9 Op. cit., quoted from Schmidt's Jahrbuch.

SYMPTOMATOLOGY.—The cataleptic seizure, when it is not the result of some hypnotizing procedure, usually takes place in the following manner: The patient usually, after some patent exciting cause, suddenly ceases whatever she may chance to be doing, becoming rigid and immobile in the last position which she had been in before the attack ensued. “She remains,” says Rosenthal, “as if petrified by the head of Medusa.” The features are composed, the eyes usually directed forward. She is pale; breathing, pulsation, and temperature are usually somewhat reduced. At first the limbs may be found to offer some resistance; soon, however, and sometimes from the beginning, they can be moulded like wax into any possible position, where they will remain until again changed by external agency.

Attacks of catalepsy, as a rule, come on suddenly, without special warning; sometimes, however, special phenomena, which may be compared to epileptic aura, may precede the attack. Thus, Rosenthal speaks of two cases that were ushered in, and also bowed out, by hiccough. The attacks may terminate as suddenly as they begin, but sometimes the patients come out of the state gradually. They are quite likely to appear dazed and stupid when emerging.

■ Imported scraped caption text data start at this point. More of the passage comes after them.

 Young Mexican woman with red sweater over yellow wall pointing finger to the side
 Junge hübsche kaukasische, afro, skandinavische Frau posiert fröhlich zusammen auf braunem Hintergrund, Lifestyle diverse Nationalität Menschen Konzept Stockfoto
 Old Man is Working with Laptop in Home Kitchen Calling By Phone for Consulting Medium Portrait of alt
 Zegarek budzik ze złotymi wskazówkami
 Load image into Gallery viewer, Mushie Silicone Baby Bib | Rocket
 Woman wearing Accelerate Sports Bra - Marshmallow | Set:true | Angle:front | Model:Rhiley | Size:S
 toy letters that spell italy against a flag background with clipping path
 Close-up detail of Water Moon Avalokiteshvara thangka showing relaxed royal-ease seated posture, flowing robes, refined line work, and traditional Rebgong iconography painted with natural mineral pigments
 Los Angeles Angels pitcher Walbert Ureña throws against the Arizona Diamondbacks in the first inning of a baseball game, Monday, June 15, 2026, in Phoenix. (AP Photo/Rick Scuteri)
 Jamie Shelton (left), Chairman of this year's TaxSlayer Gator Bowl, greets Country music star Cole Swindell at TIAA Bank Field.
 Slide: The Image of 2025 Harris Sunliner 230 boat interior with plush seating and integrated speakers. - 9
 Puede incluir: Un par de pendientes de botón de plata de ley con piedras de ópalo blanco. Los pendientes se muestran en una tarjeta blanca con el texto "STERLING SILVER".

Perverted consciousness is another marked symptom of catalepsy. According to some authors, the loss of consciousness is absolute, and upon this symptom they base their diagnosis from two or three other somewhat similar conditions. As I have already indicated in discussing the general subject of Hysteria, this question of consciousness or unconsciousness is not one to be decided in haste. In catalepsy, as in hystero-epilepsy, the conditions as to consciousness may differ. What might be termed volitional consciousness is in true catalepsy certainly in abeyance. Flint10 divides catalepsy, according to the condition as to consciousness, into three kinds—namely, complete, incomplete, and complicated. He, however, regards trance and day-mare as instances of incomplete catalepsy, in which the intellectual faculties are not entirely suspended and the senses are not materially affected, the patient being unable to move or speak, but conscious of all that is going on around him. He believes that such cases resemble more closely the cataleptic condition than they do that of ecstasy. In genuine catalepsy with waxen flexibility, analgesia, etc. there may be greater or less depths of unconsciousness, but some degree of unconsciousness or of obtunded consciousness is necessary to the existence of true catalepsy.